5

I have a view that sends a message to a RabbitMQ queue.

message = {'origin': 'Bytes CSV',
           'data': {'csv_key': str(csv_entry.key),
                    'csv_fields': csv_fields
                    'order_by': order_by,
                    'filters': filters}}

...

queue_service.send(message=message, headers={}, exchange_name=EXCHANGE_IN_NAME,
                   routing_key=MESSAGES_ROUTING_KEY.replace('#', 'bytes_counting.create'))

On my consumer, I have a long process to generate a CSV.

def create(self, data):
    csv_obj = self._get_object(key=data['csv_key'])
    if csv_obj.status == CSVRequestStatus.CANCELED:
        self.logger.info(f'CSV {csv_obj.key} was canceled by the user')
        return

    result = self.generate_result_data(filters=data['filters'], order_by=data['order_by'], csv_obj=csv_obj)
    csv_data = self._generate_csv(result=result, csv_fields=data['csv_fields'], csv_obj=csv_obj)
    file_key = self._post_csv(csv_data=csv_data, csv_obj=csv_obj)

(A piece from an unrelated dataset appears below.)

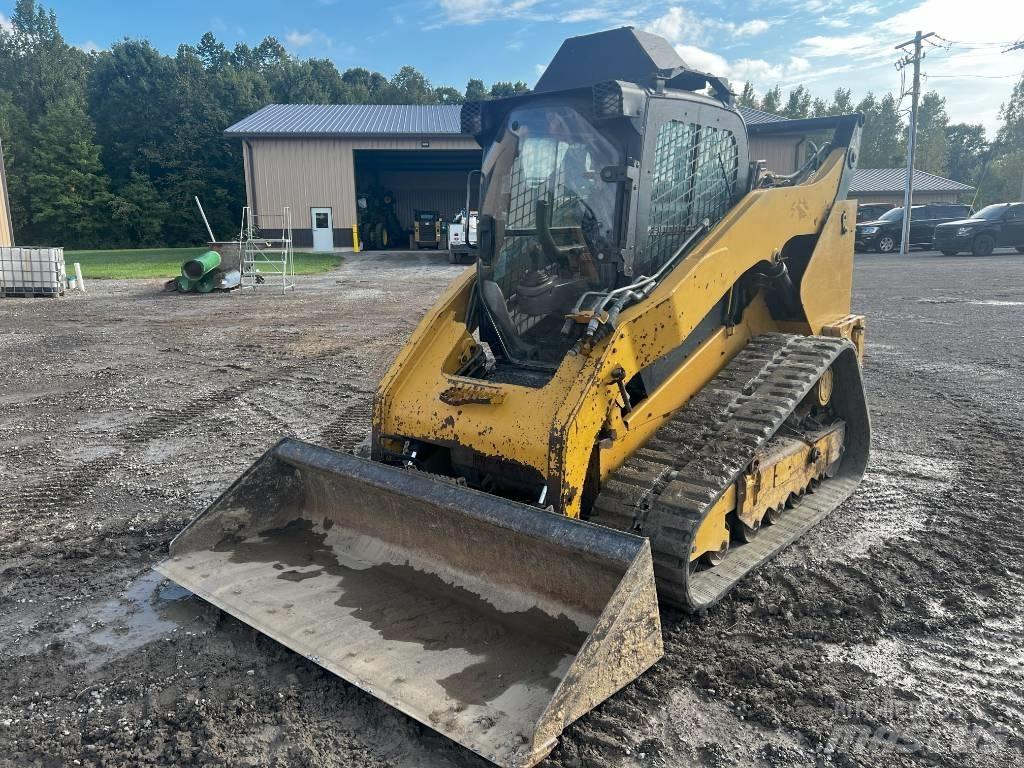 CAT 299 D XHP 滑移装载机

    csv_obj.status = CSVRequestStatus.READY
    csv_obj.status_additional = CSVRequestStatusAdditional.SUCCESS
    csv_obj.file_key = file_key
    csv_obj.ready_at = timezone.now()
    csv_obj.save(update_fields=['status', 'status_additional', 'ready_at', 'file_key'])

    self.logger.info(f'CSV {csv_obj.name} created')

The long proccess happens inside self._generate_csv, because self.generate_result_data returns a queryset, which is lazy.

As you can see, if a user changes the status of the csv_request through an endpoint BEFORE the message starts to be consumed the proccess will not be evaluated. My goal is to let this happen during the execution of self._generate_csv.

So far I tried to use Threading, but unsuccessfully.

How can I achive my goal?

Thanks a lot!

Murilo Sitonio
  • 270
  • 7
  • 30
  • "My goal is to let this happen during the execution of self._generate_csv." what do you mean by that? – Lord Elrond May 11 '21 at 18:46
  • @LordElrond I want to stop the execution of this function (even if it already started) if the `csv_obj` status changes to `CSVRequestStatus.CANCELED`. – Murilo Sitonio May 11 '21 at 23:22

2 Answers2

1

Why don't you checkout Celery library ? Using celery with django with RabbitMQ backend is much easier than directly leveraging rabbitmq queues.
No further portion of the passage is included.